Melek arada yükselen alkışları, atılan sloganları hiç yadırgamıyor. Tutuklu yakınlarının bu dayanışma buluşmalarına çok alışık. Küçük bir çocuğun oyun alanına dönüşmüş protestolar… Bir çocuğun, küçücük bir kızın normali bu olmamalı. Bu normalleşmemeli. Melek’e kahırlanırken aklıma Tayfun Kahraman’ın kızı Vera geliyor. Yıllardır babasına hasret büyüyen bir çocuk daha… Ve daha başkaları, başkaları, başkaları…

İBB Spor Kulübü Başkanı Fatih Keleş’in kızı Zeynep Keleş’in konuşmasını dinliyorum. Uğradıkları haksızlıkları, maruz kaldıkları itibar suikastlarını anlatırken sesi çatallanıyor. Onu dinlerken son romanımdan bir cümle geliyor aklıma: “Ah nasıl imkânsızdı bir adamın kalpazan olmadığını ispatlaması!”

Tutuklamaların cezalandırmaya dönüştüğü bir yerde, hak-hukuk-adalet ve yasalar çiğnenmiyor sadece; bilim de yok sayılıyor. Oysa bir şeyin yokluğunun ispatı imkânsızdır. Nasıl ispatlansın suçsuzluk? Suçu ispat etme zahmetine girmeyenlerin zulmünden hangi masum kurtulabilir ki?

Dr. İmamoğlu tutuklu yakınlarının on somut talebini sıralarken ailelerdeki özgüveni hissediyorum. Tutukluların yakınları masumiyetlerine öylesine inanıyorlar ki özgüvenleri yüksek. Soruşturmaya değil, hukuksuz tutuklamaya itiraz ediyorlar. Adil bir soruşturmada, yargılamada beraat edeceklerini biliyorlar.

***
Üniversite öğrencisi Güneş Akşahin “19 Mart'ın mağduru değiliz, bu büyük mücadeleyi başlatanlarız” dediğinde çokça alkış alıyor. Elinde ayna, yerde gördüğü ufacık bir su birikintisine basarak oyun oynayan Melek de alkışın coşkusuna eşlik ediyor, daha hızlı koşuyor.

Yanımdaki yaşlı çift ile sohbet etmeye koyuluyorum. Bunca haksızlığa uğramış ve sevdiklerine özlem içindeki insanlar hâlâ dik, onurlu ve kibarlar.
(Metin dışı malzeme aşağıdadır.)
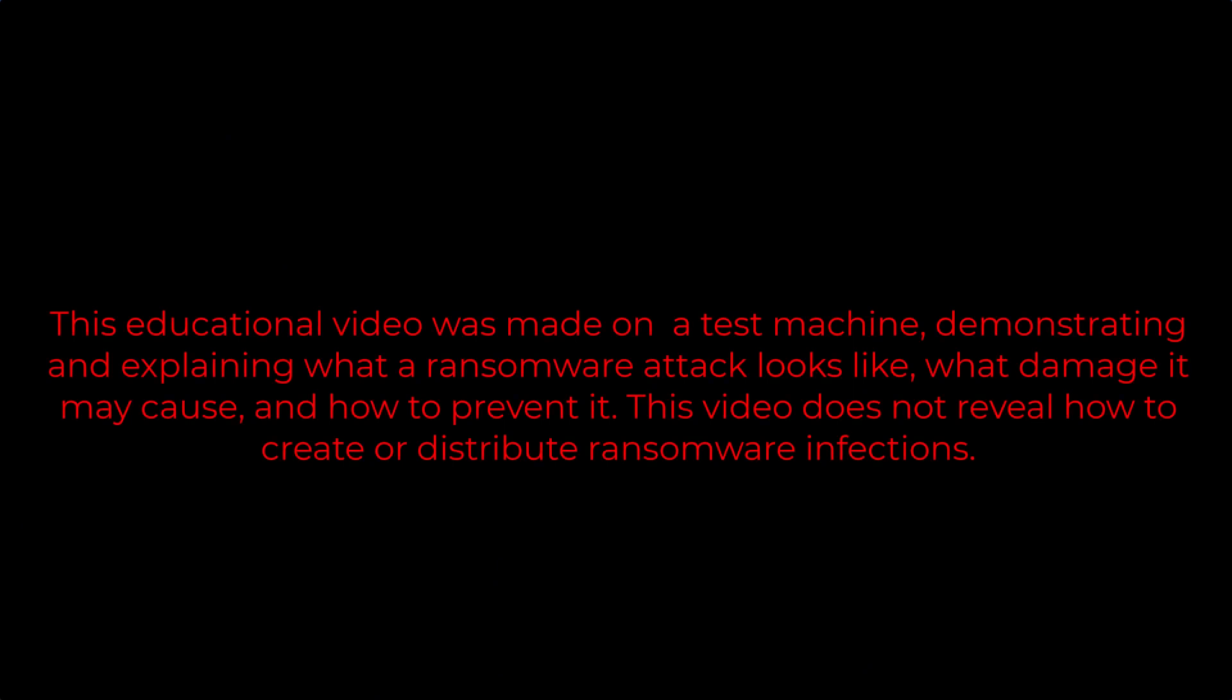This educational video was made on a test machine, demonstrating and explaining what a ransomware attack looks like, what damage it may cause, and how to prevent it. This video does not reveal how to create or distribute ransomware infections.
Medya A.Ş.'nin Genel Müdürü ve Yönetim Kurulu Üyesi Fatoş Pınar Türker’in annesi Kadriye ve babası Namık Türker olduklarını öğreniyorum. Şimdi adlarını tek tek yazsam sayfalar tutar. Oradaki bütün aileler, Dilek İmamoğlu’nun zarif önderliğinde nezaketle direniyorlar.

Aklıma yine başka bir cümlem geliyor: “Kim nezaketle durdurabilmiş ki zorbayı?”
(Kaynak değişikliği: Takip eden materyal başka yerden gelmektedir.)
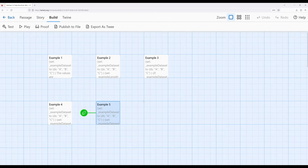So in this video, I've gone over how to create a data set, how to get the length of a data set — how many things are in that data set. Then we also saw that we can use the keyword 'contains', as we also saw with arrays previously in another video, and we saw how we can add to and remove from a data set.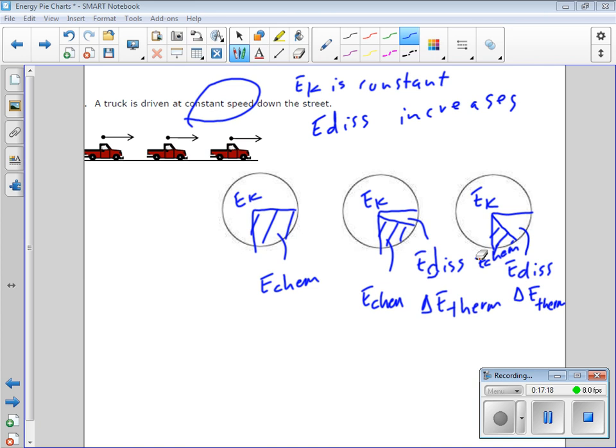So you're not gaining kinetic energy — you're just not losing kinetic energy. You're overcoming all those frictional effects that would otherwise slow you down.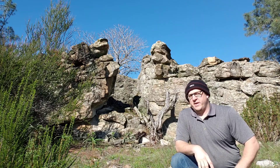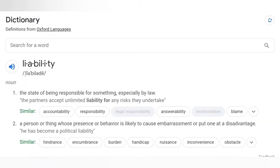Let's look at the definition. The state of being responsible for something, especially by law. Example: the partners accept unlimited liability for any risks they undertake. Second definition: a person or thing whose presence or behavior is likely to cause embarrassment or put one at a disadvantage. Example: he has become a political liability.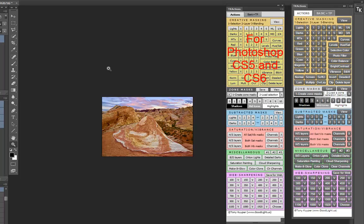The two different versions are necessary because Adobe has stated that future updates to Photoshop CC will no longer support the Flash-based extension panels. The HTML5 panel will be mandatory. Older versions of Photoshop, however, like CS5 and CS6, will still require the Flash-based version of the panel.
Birbirine kol kanat gererken hem güçlü hem de zarif durabilen bu insanlara hayran oluyorum. Çocukluğumuzda dinlediğimiz masallarda hep iyiler kazanıyordu. Yine iyiler kazanmak zorunda hem de zarafetlerinden, nezaketlerinden bir gram taviz vermeden. Yeter ki böyle olsun, ben kendi kendimi tekzip etmeye razıyım, hazırım.

***
CHP Genel Başkan Yardımcısı Gökan Zeybek hem ailelere hem de dayanışmaya gelenlere teşekkür ederken “İyi kalpleriniz için de teşekkür ederim” dedi. İyiliğe, erdemlere hasret kaldığımız bugünlerde buna dikkat çeken bir siyasetçiye denk gelmek çok değerli.
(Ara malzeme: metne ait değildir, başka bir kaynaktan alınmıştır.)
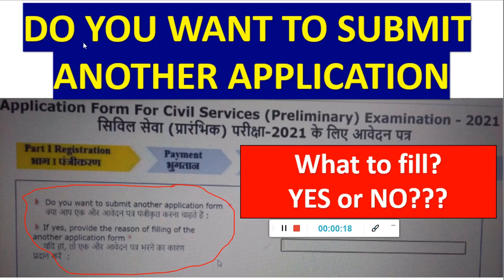So first thing is this one: when you fill the UPSC application form, make sure that you read the notification carefully, because you should not be unaware of very basic things which have to be filled. Other errors I will solve through videos, but please do not ask basic things like what should I fill there, because the notification is very vast and has almost everything. I have already gone through that notification for you in one of the videos.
Zarafet demişken… Hem çalışma arkadaşım hem dostum olan Merdan Yanardağ’ın tutukluluğunun üzerinden bir aydan uzun bir süre geçti. Merdan Yanardağ’ın nezaketi kadar sağlam duruşuyla da ilham veren eşi Sevim Kahraman Yanardağ’ı da anmak gerekir. Ve her dayanışmanın olmazsa olmazı Gülden Sevgili’yi…

Benim katıldığım on altıncı Aile Dayanışma Ağı toplantısına destek vermek için gelenlerin arasında sanatçı Rutkay Aziz ve akademisyen-yazar Selçuk Şirin de vardı. Ve Melek’in her hafta görmekten çok alıştığı ve pek muhabbet gösterdiği aktivist-gazeteci Nasuh Bektaş…
Tarih nezaketle direnenleri, dantel gibi incelikli sayfalarına kazıyacak. İyiler kazanacak!